Max Displacement of 6.0 kg Object: 0.27 m?

[RubinLicht]

Homework Statement

. A 2.0 kg object falls from rest a distance of 5.0 meters onto a 6.0 kg object that is supported by a vertical massless spring with spring constant k = 72 N/m. The two objects stick together after the collision, which results in the mass/spring system oscillating. What is the maximum magnitude of the displacement of the 6.0 kg object from its original location before it is struck by the falling object?
(A) 0.27 m
(B) 1.1 m ← CORRECT ANSWER
(C) 2.5 m ← what I am getting
(D) 2.8 m
(E) 3.1 m

Homework Equations

Conservation of mechanical energy(spring, gravitational, and kinetic)
conservation of momentum for the inelastic collision

The Attempt at a Solution

I'm just copying the solution here because it's what I did, but I will point out where i did something different.

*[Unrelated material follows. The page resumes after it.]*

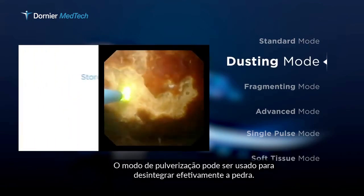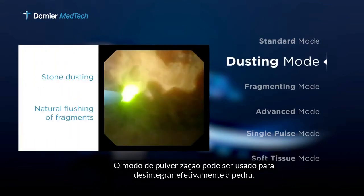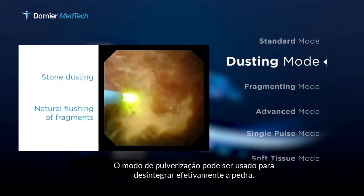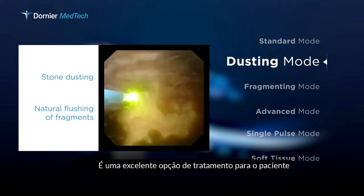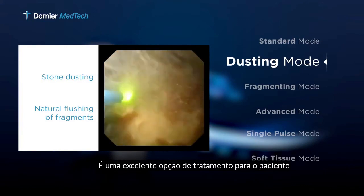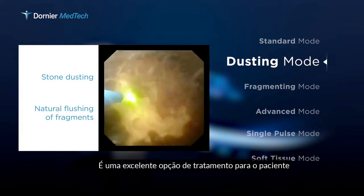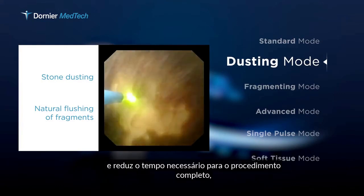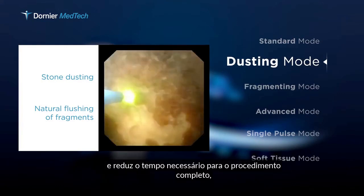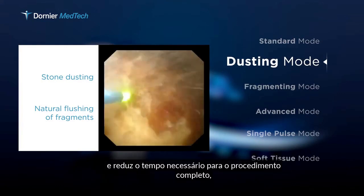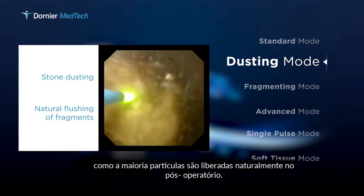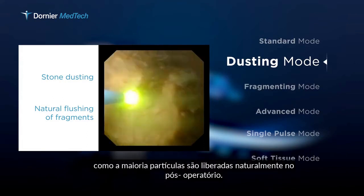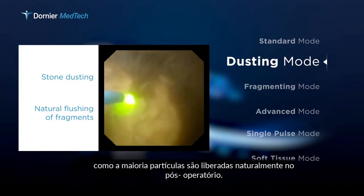The dusting mode can be used to effectively disintegrate the stone. It is an excellent treatment option for the patient and reduces the time required for the complete procedure, as most particles are flushed out naturally postoperatively.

Conserve energy to find the speed of the 2.0 kg object at the instant before the collision:
m₁gy = (2.0 kg)(10 m/s)(5.0 m) = 100 J

and this equals the kinetic energy, after plug and chug we get
v = 10.0 m/s

The collision is inelastic, so
v_f = v₁*m₁/(m₁+m₂) = 2.5 m/s

Now conserve energy again
Kf = 1/2m_tv² = 1/2(8.0 kg)(2.5 m/s)² = 25 J

This compresses the spring and changes the gravitational potential energy, so we must solve for x in the equation
1/2kx² + m_tgx = Kf
or
36x² + 20x − 25 = 0 I used 8kg as the total mass instead of 2kg, why did they use 2kg?
which has solutions x = −1.15 m and x = 0.6 m.

solutions with m_t=8kg: x = -2.5, 0.27.

I'm a bit reluctant to say this, but i think aapt might have made a mistake on the answer key. On top of my confidence that my solution is right, they already used mt=8kg in the previous step before apparently changing its value in the next step. Now, given I'm a mere high schooler, i would still like someone to double check my work so that i can ask aapt to make the small fix.

 

[TSny]

I agree that the solution as given in the key is set up in an odd way, even though I think it gives the correct numerical answer.

Clearly both masses move downward after the collision, so both masses decrease their gravitational PE. Also, the spring already has some potential energy before the collision.

I suggest setting up the energy conservation using the total mass and including the initial PE of the spring. You will need to take care to distinguish between the initial and final compression of the spring and the distance traveled by the masses.

 

[RubinLicht]

as in 1/2k(5/6-x)²+80x=25?
5/6 being the displacement from relaxed spring due to m2 alone.

 

[RubinLicht]

I searched the problem up and seems like other people are understanding the problem differently as well. I think I'll stop trying to figure out this problem. Thanks for the help.